Avec une production moyenne de 50 films par semaine, le jeune entrepreneur estime avoir aidé les producteurs de son pays. « Sans aucun doute, Iroko Partners a enfin rendu l’industrie du film nigérian accessible à la diaspora africaine. Mieux que cela, depuis que nous sommes arrivés, et avons commencé à payer pour distribuer les films en ligne, les producteurs sont plus que jamais capables de monétiser leurs contenus, et de recevoir un salaire pour leur travail, plutôt que de voir leurs revenus dilués dans un système de distribution chaotique et souvent illégal », relève-t-il. L’entreprise, qui emploie 81 personnes à Lagos, Londres et New York, compte plus de 500 000 abonnés. Elle a pu lever près de 12 millions de dollars auprès d’investisseurs privés.

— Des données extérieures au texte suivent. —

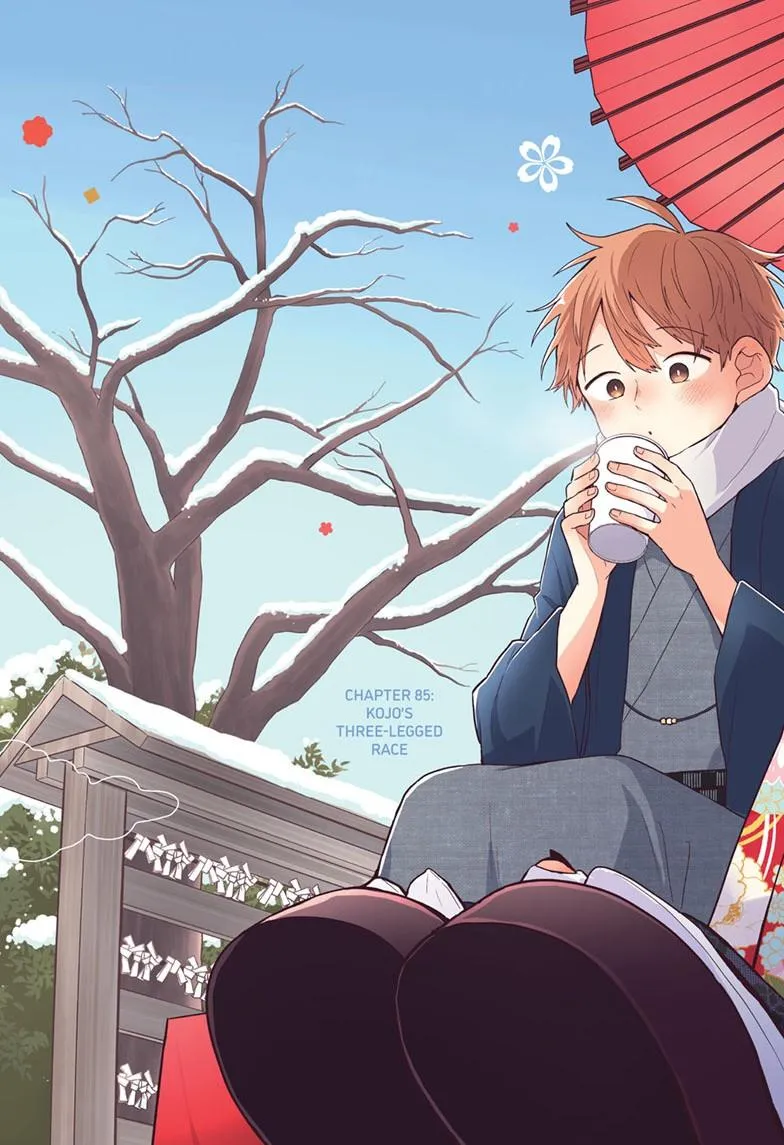 Read Tsumiki Ogamis Not So Ordinary Life EN Manga Online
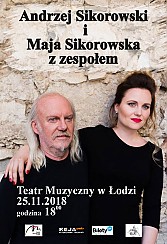 Bilety na koncert Andrzej Sikorowski i... w Łodzi - 10-05-2020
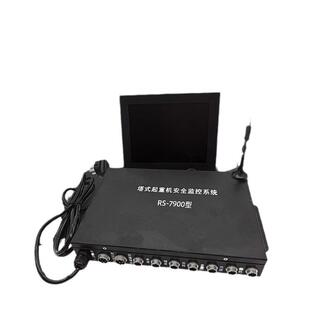 塔吊可视化系统厂家塔吊黑匣子防碰撞系统塔机吊钩可视化系统夜视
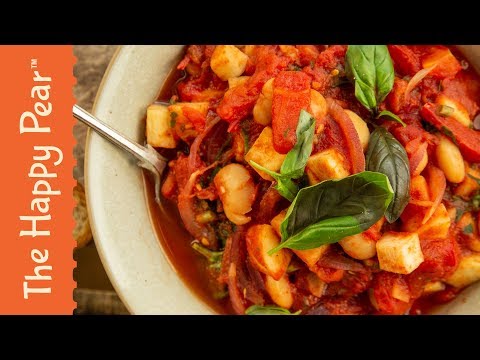 Vegan Tuscan Stew with Deliciously Ella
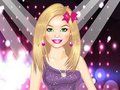 Peli Barbie Popstar Dressup verkossa Peli Barbie Popstar Dressup verkossa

Njeri Rionge (Kenya), Wananchi Online
Convaincue qu’Internet représentait une chance pour son pays, Njeri Rionge s’est attelée à investir dans ce domaine pour apporter la connexion aux populations. Ceci après avoir été coiffeuse et vendeuse de vêtements à Londres. « J’ai touché à beaucoup de choses avant de toucher à ce qui s’est transformé en or », avoue-t-elle. L’or étant Internet, où elle s’investit aujourd’hui à travers plusieurs structures. La plus représentative étant Wananchi Online, qu’elle a cofondé avec quelques partenaires. Wananchi Online est aujourd’hui l’un des principaux fournisseurs de services Internet et de téléphonie en ligne en Afrique de l’Est. L’entreprise, qui a démarré en 1999 avec 500 000 dollars, vaut aujourd’hui 173 millions de dollars. A l’époque de son lancement, peu de personnes avaient accès au web. Depuis, la donne a changé. En 2011, l’entreprise a cédé 50% de ses parts au groupe américain Emerging Capital Partners (ECP) pour 26 millions de dollars. Réputée pour la création de plusieurs entreprises web et technologiques, Njeri Rionge dirige aussi le cabinet de conseil Ignite, spécialisé en gestion et en nouvelles technologies.